So we're pleased to present the fourteenth in our series of Saturday matinees today: Andreas Feininger from the BBC series Master Photographers.
This 35-minute interview was made in 1983, about 15 years before Feininger's death early in 1999 at the age of 92. Born in Paris to the painter Lyonel Feininger and Julia Berg, he was studied architecture in Germany before moving to Sweden and taking up photography, with which he became acquainted as a reference aid for his building designs. In 1939, he escaped Europe to work as a freelance photographer in the United States. And in 1943 he joined the staff of Life magazine.
In its Photographer's Spotlight on Feininger, Life magazine praises that period of his career:
Feininger's pictures of New York in the 1940s and '50s helped define, for all time, not merely how a great 20th century city looked, but how it imagined itself and its place in the world.
In the 41-image slide show accompanying that article, you can see The Photojournalist, his 1951 portrait of Dennis Stock in which the viewfinder and lens of a camera held in portrait orientation replace the eyes of the photographer.
Feininger also wrote about photography, most famously in his The Complete Photographer, which educated a generation of budding enthusiasts on the mystery of the art. But that was just one of nearly 40 books he published, including 15 textbooks and his 1966 autobiography.
In the movie, Feininger talks about building his own camera in Sweden to take telephoto images of ships three miles away, which got him into trouble in 1934. Telephoto lenses were not available commercially at the time.
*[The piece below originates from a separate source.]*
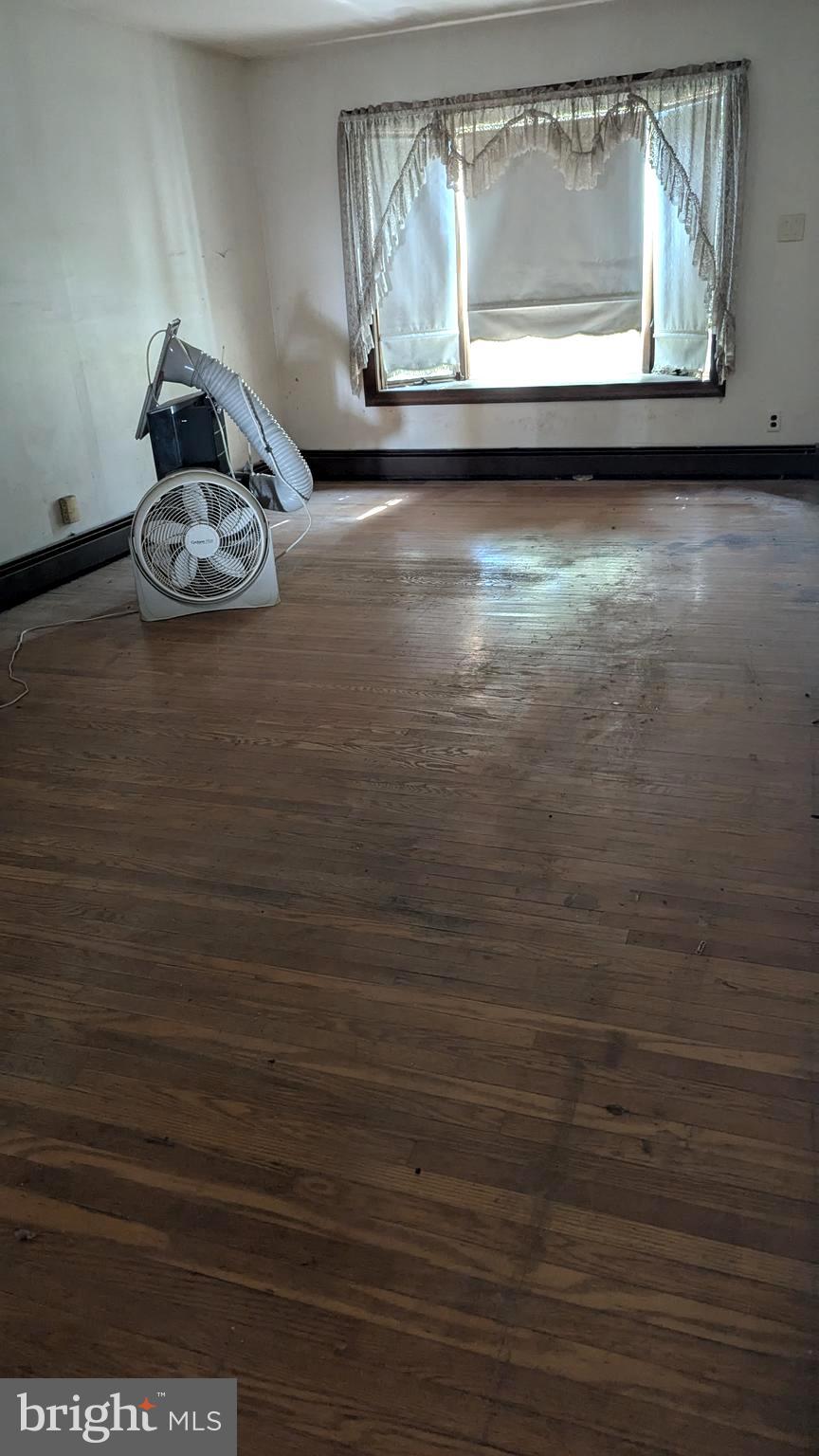 FEASTERVILLE HGTS - Residential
He continued his interest in what he calls in the movie "the unnatural perspective" of telephoto images in New York, taking images as far away as seven miles. "Unnatural," he explains, in the sense of the view a normal lens captures, which exaggerates the size of nearby objects. Telephoto shots do not distort, he says.
"Light is everything," he says, like an architect, "particularly in black and white photography." He talks about the position of the sun and even the use of reflections in composition.
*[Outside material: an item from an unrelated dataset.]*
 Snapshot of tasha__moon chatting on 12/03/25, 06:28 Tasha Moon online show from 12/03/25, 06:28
He also briefly discusses the difference in perspective between the eye's rectilinear perspective and the camera, noting "with the camera we have two additional perspectives: cylindrical and spherical."
As he covers these aspects of the art, he shows us his own work, discussing it not just like the man who took the photo, but the educator who wrote the book on the subject as well.
It's really the best of both worlds.
The American Society of Media Photographers interviewed Feininger in 1990. And George Eastman House has a selection of 130 of his images online.